== Your goal ==
Pictures in the listing below are skipped, while the lines from the "Slidinglid Ice Caddy, Mobile, 29-1/4''H, 125-Lb" line through the "Estate Fresh Austin" line are returned word for word.

== Dataset ==
§

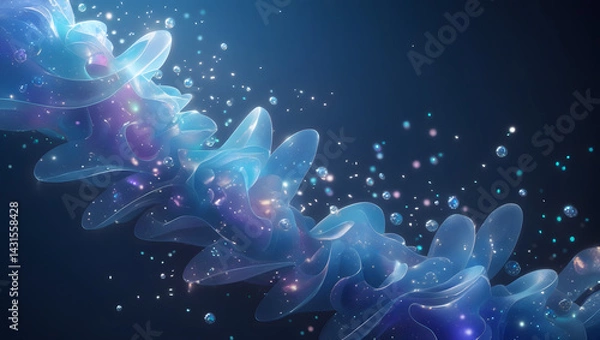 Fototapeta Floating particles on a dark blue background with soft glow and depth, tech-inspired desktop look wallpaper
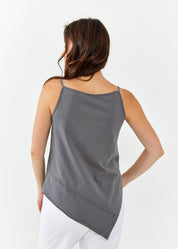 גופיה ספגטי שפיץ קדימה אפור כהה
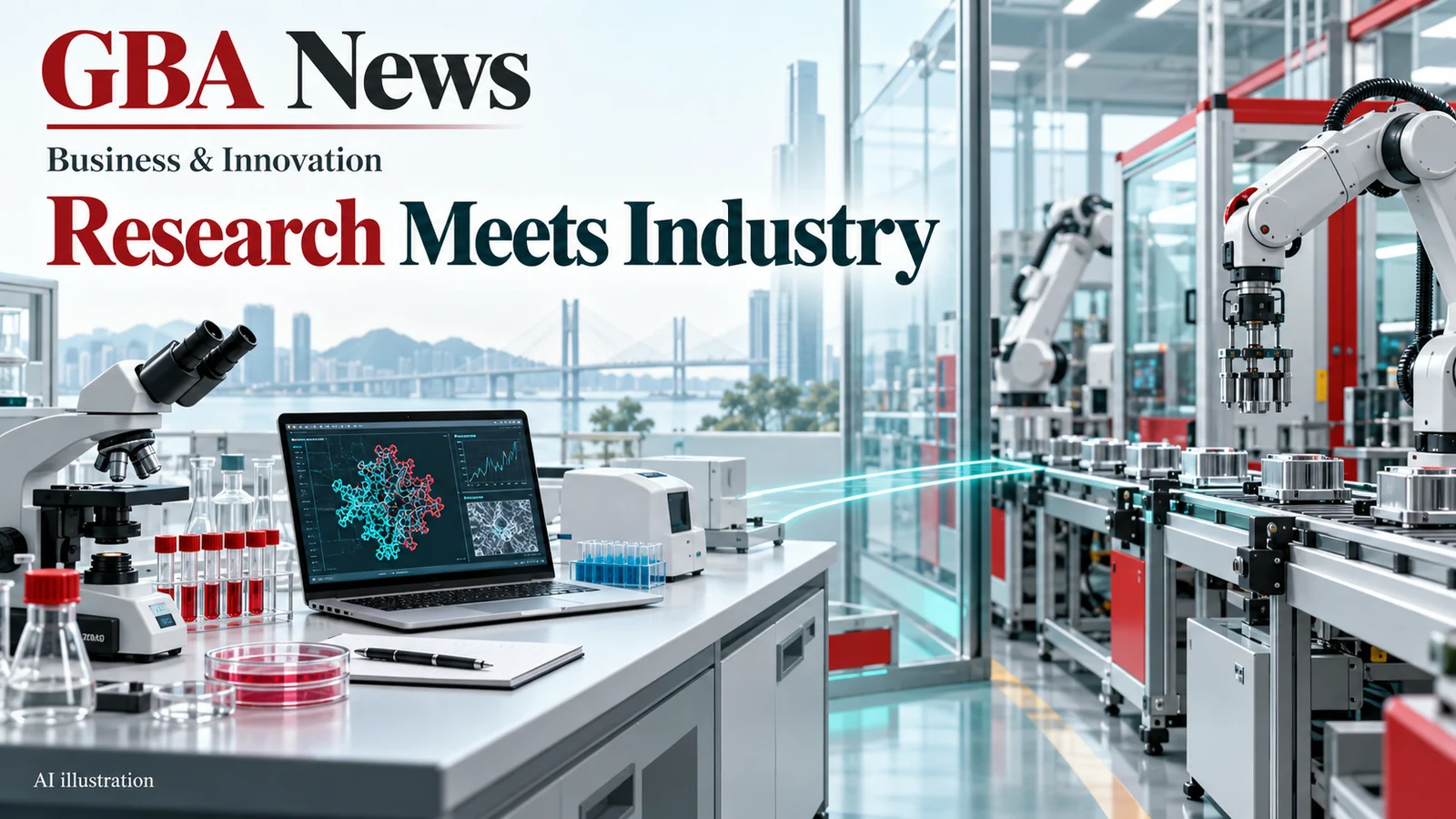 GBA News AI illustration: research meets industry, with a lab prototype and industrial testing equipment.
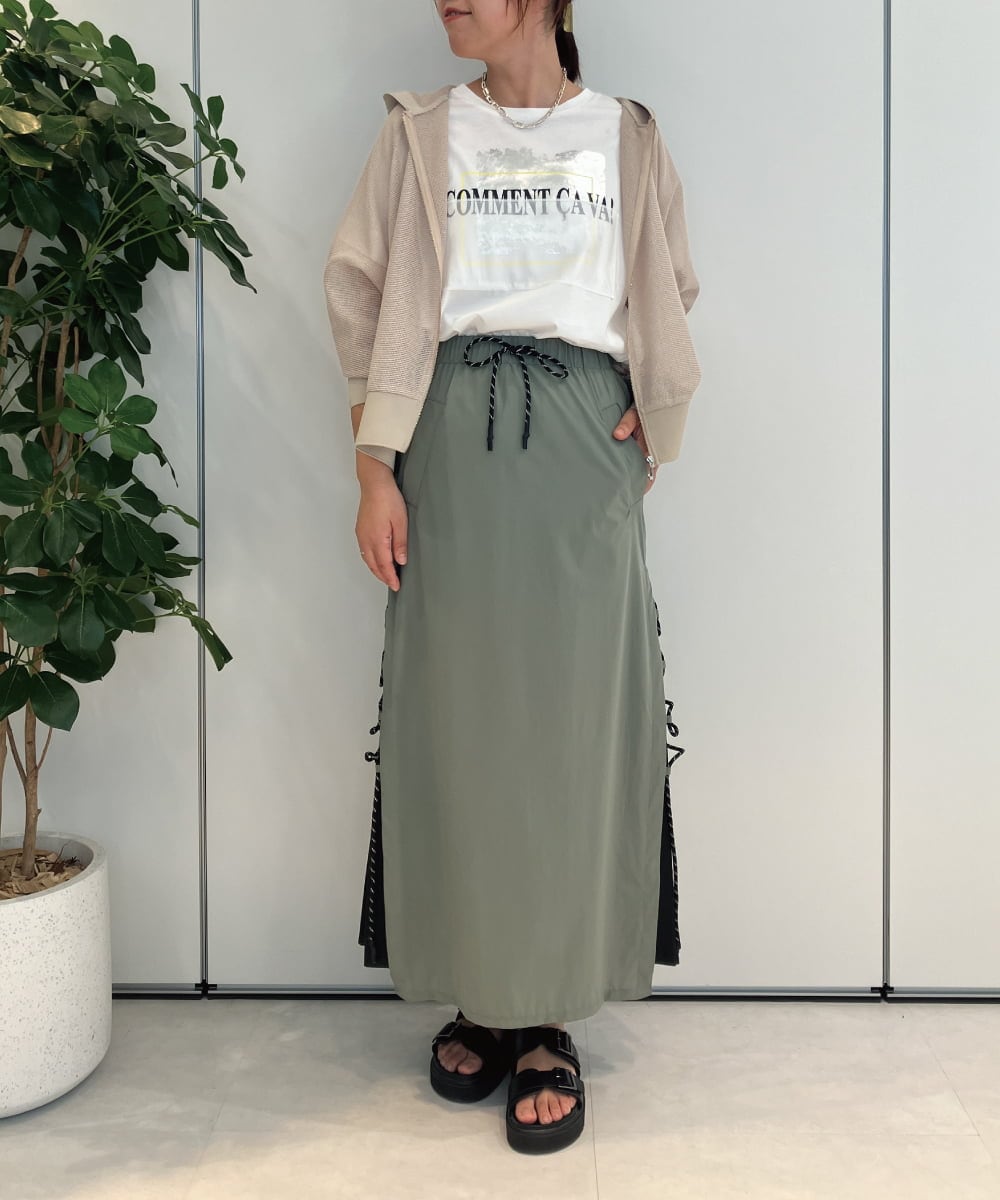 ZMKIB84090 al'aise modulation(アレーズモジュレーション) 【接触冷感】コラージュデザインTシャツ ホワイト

§

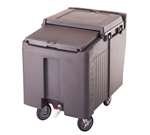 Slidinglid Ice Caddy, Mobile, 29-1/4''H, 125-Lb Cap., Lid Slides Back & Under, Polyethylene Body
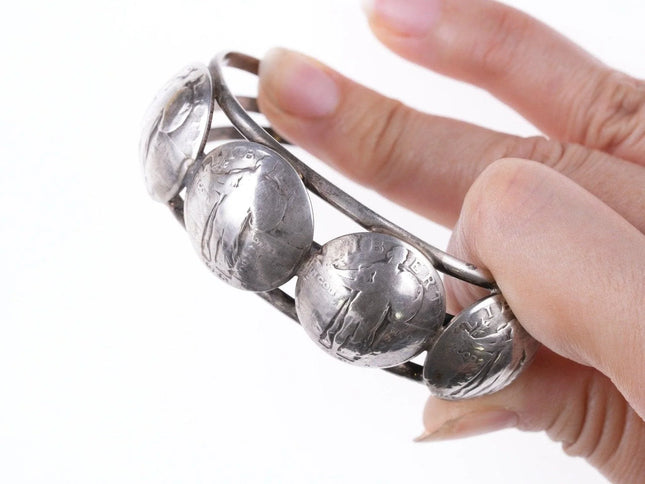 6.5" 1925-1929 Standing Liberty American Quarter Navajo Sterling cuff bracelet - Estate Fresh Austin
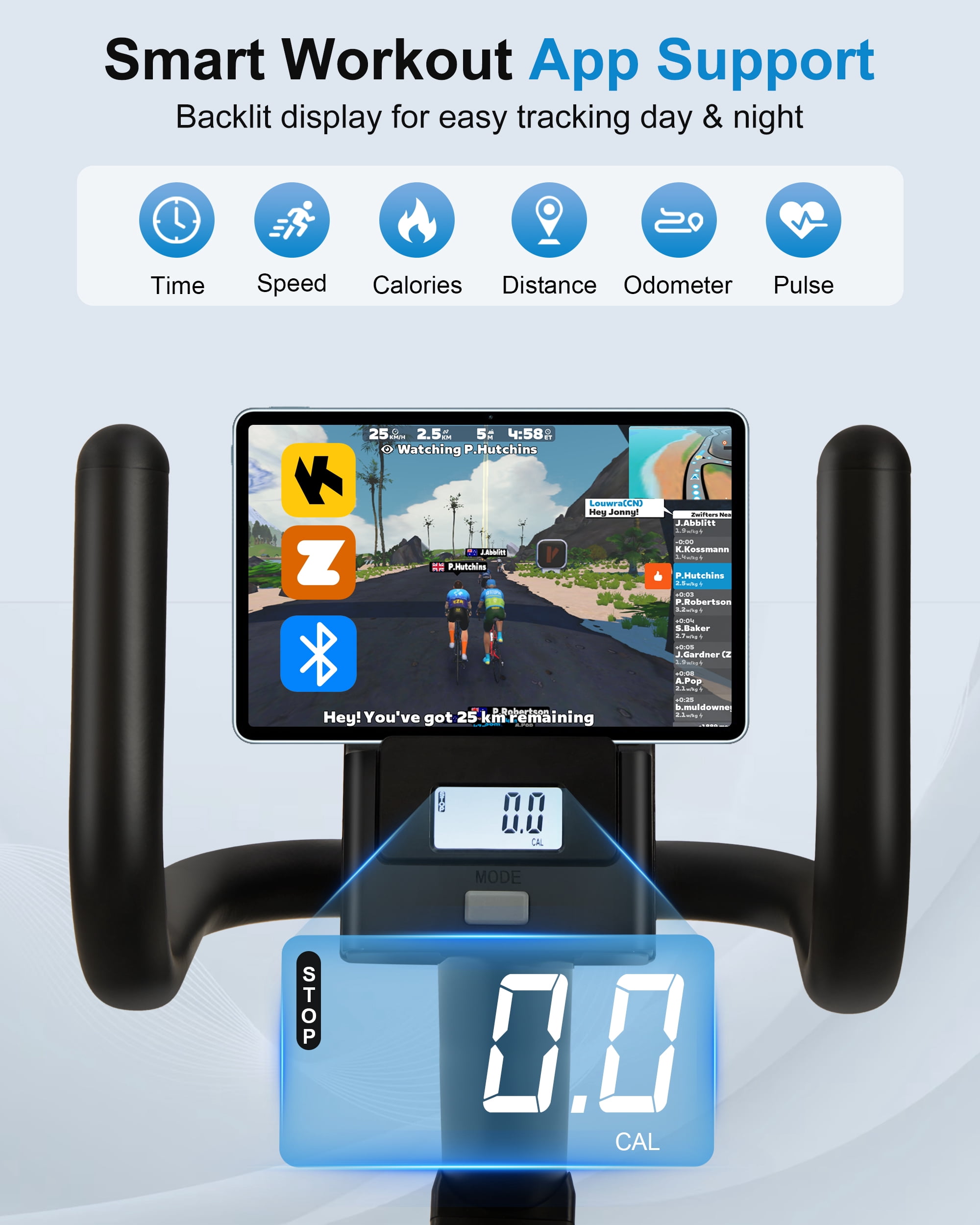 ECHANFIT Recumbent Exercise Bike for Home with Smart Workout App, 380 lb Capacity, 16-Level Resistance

§

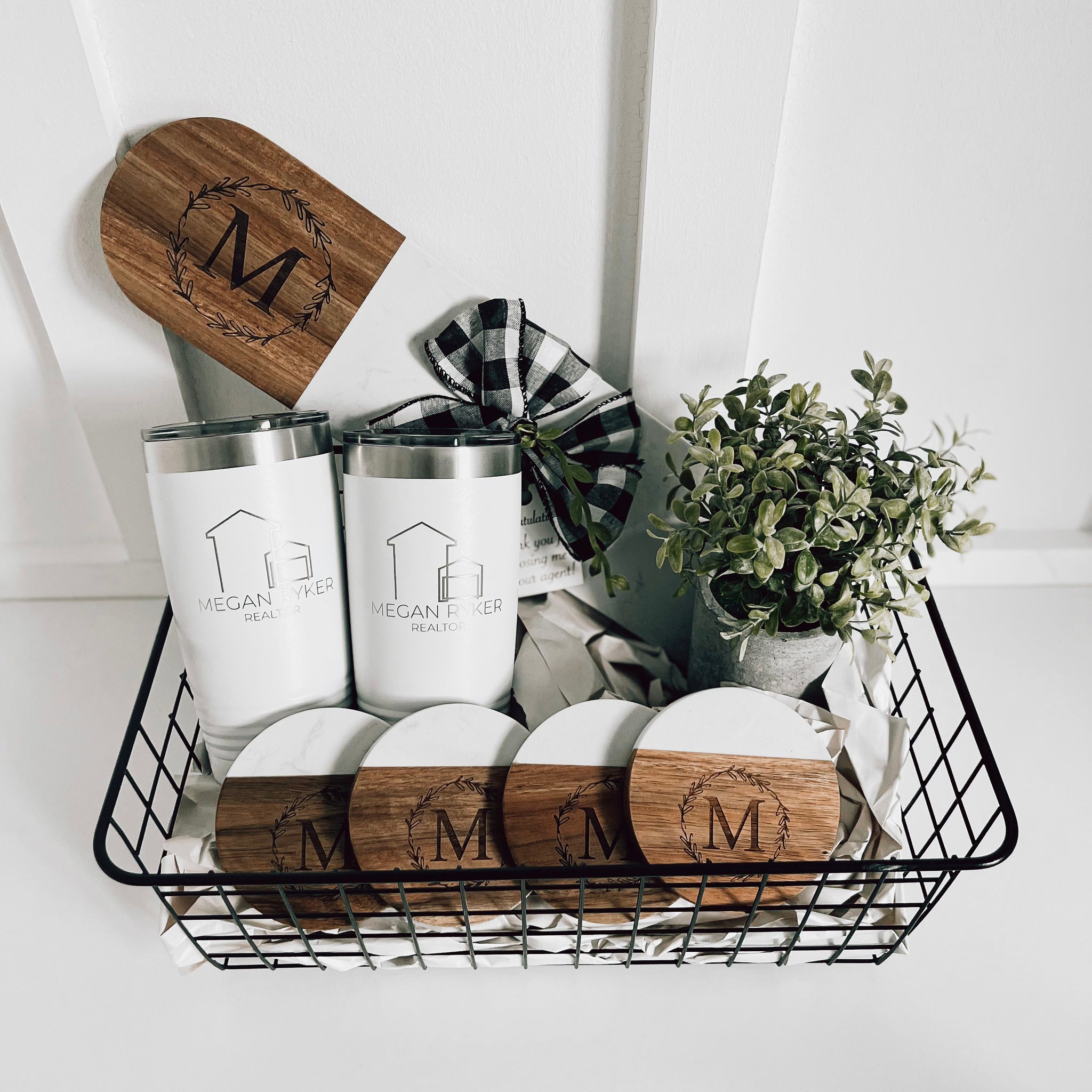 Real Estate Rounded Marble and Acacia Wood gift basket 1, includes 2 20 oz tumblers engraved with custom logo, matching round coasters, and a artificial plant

§

== Solution for this problem ==
 Slidinglid Ice Caddy, Mobile, 29-1/4''H, 125-Lb Cap., Lid Slides Back & Under, Polyethylene Body
 6.5" 1925-1929 Standing Liberty American Quarter Navajo Sterling cuff bracelet - Estate Fresh Austin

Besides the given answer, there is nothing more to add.